SP33D2

Need Another Hit

Ever stop in the middle of writing some code when it hits you? That nagging feeling. It’s in the back of your mind, relentlessly gnawing away. Making you question your decisions. Making you wonder what you’re doing with your life. You’re plugging away happily, when suddenly you remember I haven’t optimized any code in hours.

It’s no way to work.

It’s no way to live.

Let’s get back to our roots, blog.

New Edition

For this edition of the blog, we’re hopping off the usual tracks and onto a different set entirely: Vulkan driver optimization. I can already hear what you’re thinking.

Vulkan drivers are already fast. Go back to doing something useful, like making GL work.

First: no they’re not.

Second: I’m doing the opposite of that.

Third: shut up, it’s my blog.

How does one optimize Vulkan drivers? As we all know, any great optimization needs a test case. In the case of Vulkan, everyone who’s anyone (me) uses Zink as their test case. The reasons for this are many and varied because I say they are, but the important one to keep in mind is, as always, drawoverhead.

For those who can’t remember the times I have previously blogged about the world’s premiere benchmarking tool, don’t worry. As with any great form of entertainment, I’ve prepared a recap.

TL;DR drawoverhead

Suppose you are a large gaming-oriented company that sells hardware. Your hardware runs on a battery. The battery has a finite charge. Every bit of power drained from the battery powers the device so that users can play games.

Wouldn’t it be great if that battery lasted longer?

There are a number of ways to achieve this goal. Because this is my blog, I’m going to talk about the one that doesn’t involve underclocking or reducing graphical settings.

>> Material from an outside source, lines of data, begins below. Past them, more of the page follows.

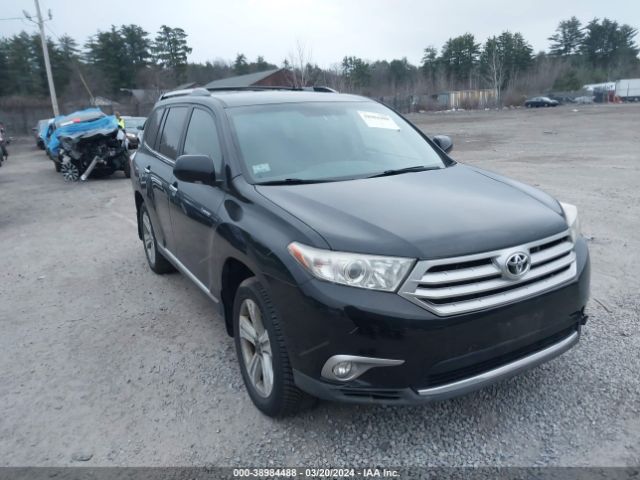 TOYOTA HIGHLANDER 2013 5tddk3eh5ds226582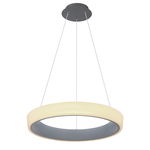 Lustra LED Tabano 48272H-36, cu telecomandă, dimabila, 36W, 2180lm, lumina calda+neutra+rece, IP20, alba, Globo Lighting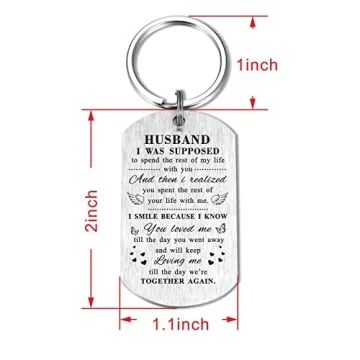 TANWIH Memory Keychain for Loss of Husband Sympathy Gift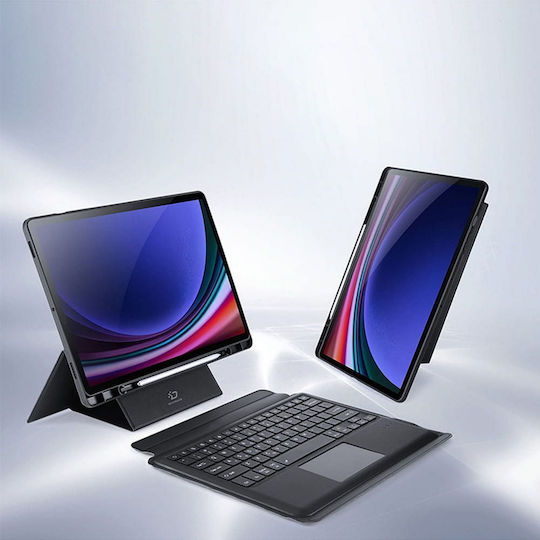 Dux Ducis Dk Series Flip Cover με Πληκτρολόγιο Μαύρη (Galaxy Tab S10+)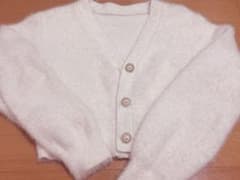 GRL フェザーニット カーディガン ホワイトのサムネイル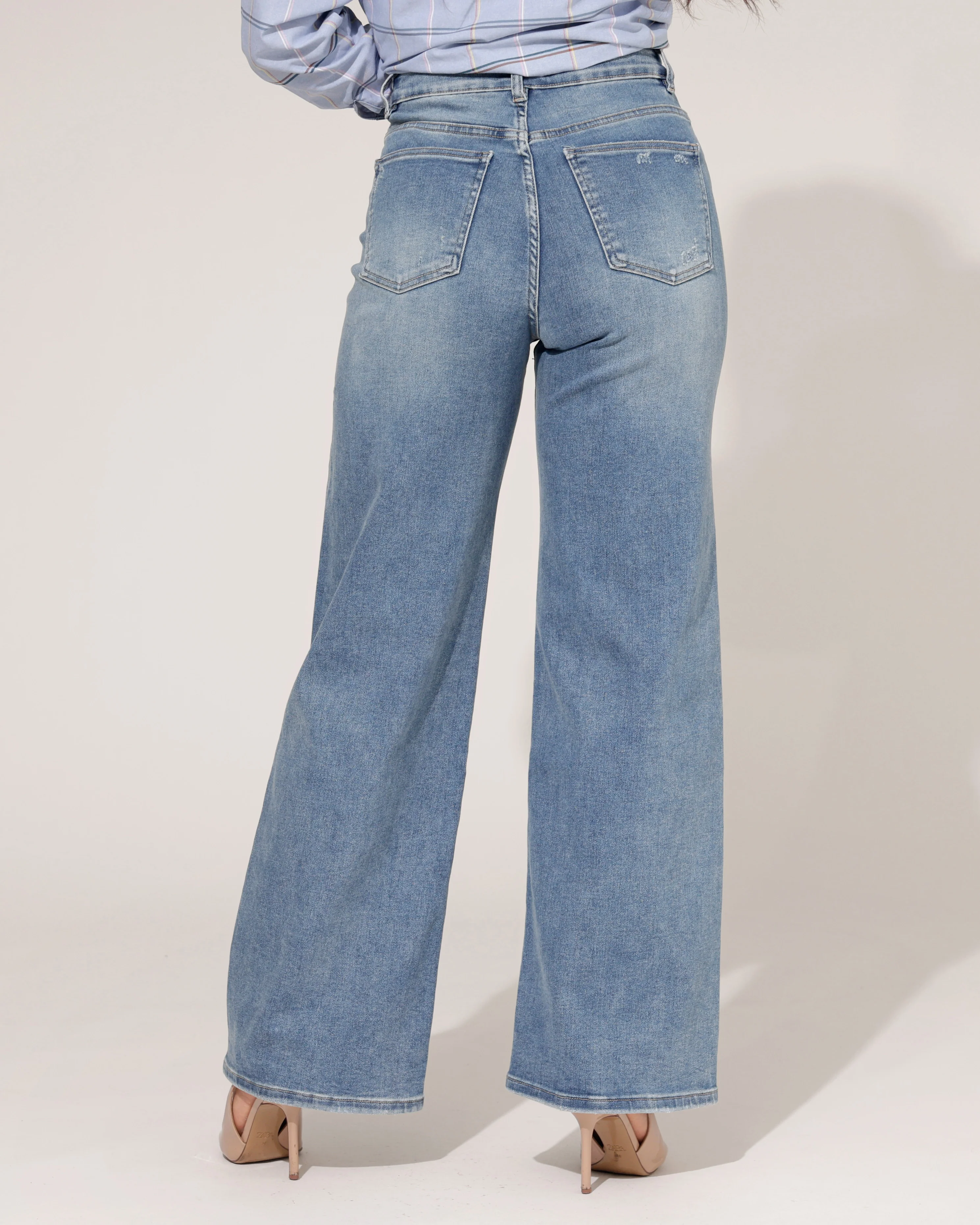 Laulia | Straight jeans Sindey-8 Blauw - Image 3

Obviously I’m talking about optimization, the process by which a smart and talented reader of StackOverflow copies and pastes code in exactly the right sequence such that, upon resolving all compilation errors, execution of a program utilizes fewer resources.

Now because everyone reading this is a GPU driver developer, we all know that optimization comes in two forms, optimizing for CPU and optimizing for GPU. But GPU optimization is easy. Anyone can do that. You just strap on your RadeonGPUProfiler or Nsight or , glance at the output, mumble mumble mumble, and blammo, your GPU is running like a clock. A really fast one though. With like a trillion hands all spinning at once.

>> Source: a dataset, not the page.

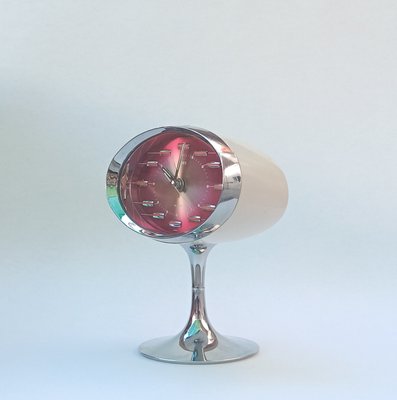 ホワイト アナログ置時計 Mid-Century MODERN clock-03031 ホワイト 時計 静音 置き時計 | ART OF BLACK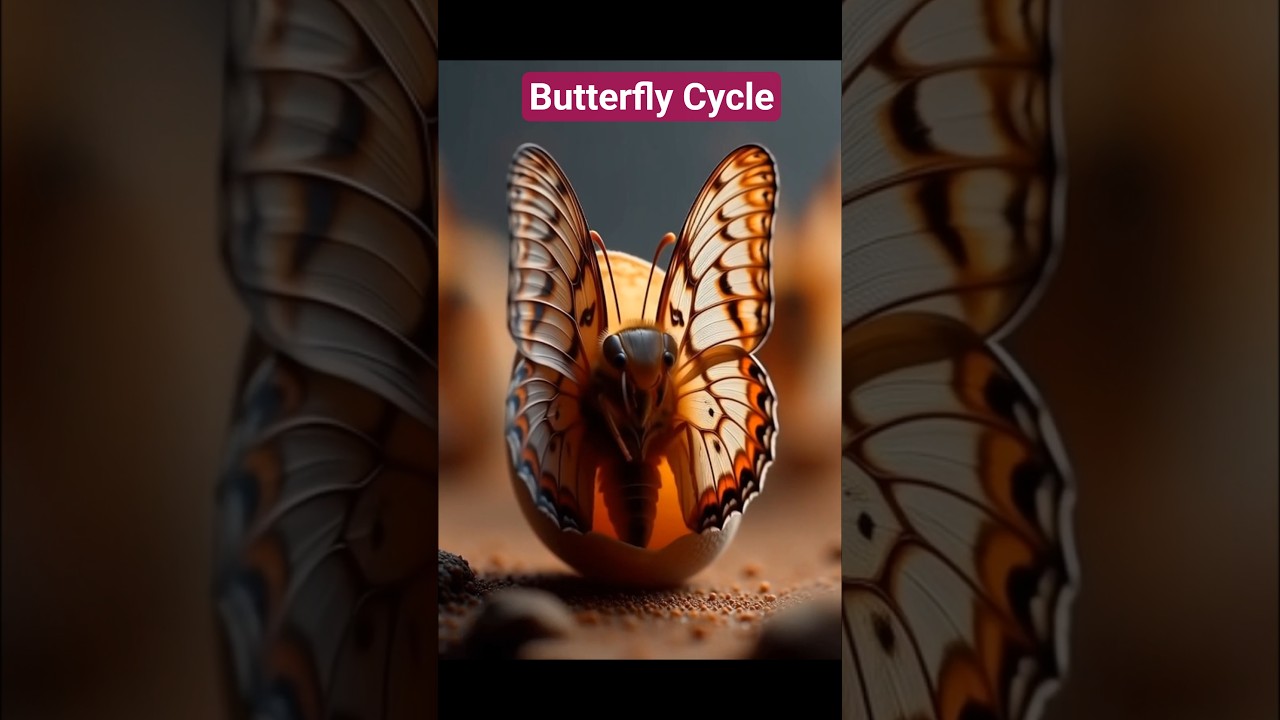 The butterfly cycle in ai version.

So we’re done with GPU optimization, but we’re not optimized enough yet. The battery still doesn’t last forever, and the users are still complaining on Reddit that they can’t even finish a casual playthrough of Elden Ring or a boss fight in Monster Hunter: Rise without needing to plug in.

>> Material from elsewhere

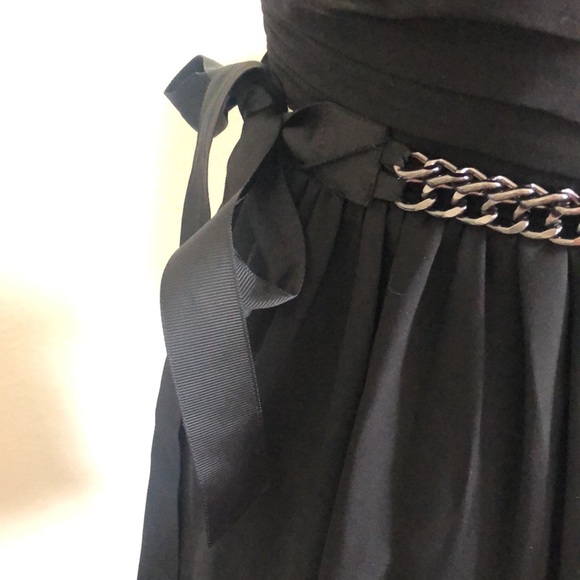 LBD one shoulder black dress - Picture 3 of 5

This brings us to “CPU optimization”, the process by which we use more esoteric tools like perf or dtrace or custom instrumentation to generate possibly-useful traces of where the CPU may or may not be executing optimally because it’s a filthy liar that doesn’t even know what line of code it’s executing half the time. But still, we need test cases, and unlike GPU profiling, CPU profiling typically isn’t useful with only a single frame’s worth of sample data.

Thus, drawoverhead, which provides a view of how various GL operations impact CPU utilization by executing millions of draw calls per second to provide copious samples for profiling.

Why Not drawoverhead?

This is where the blog is going to take a turn for the bizarre. Some people, it seems, don’t want to use Zink for benchmarking and profiling.

I know.

I’m shocked, hurt, appalled, and also it’s me who doesn’t want to use Zink for benchmarking and profiling so it’s a very confusing time.

The problem with using Zink for optimizing CPU usage is that Zink keeps getting in the way. I want to profile only the Vulkan driver, but instead I’ve got all this Mesa oozing and spurting onto my CPU samples. It’s gross, it’s an untenable situation, and I’ve already taken steps to resolve it.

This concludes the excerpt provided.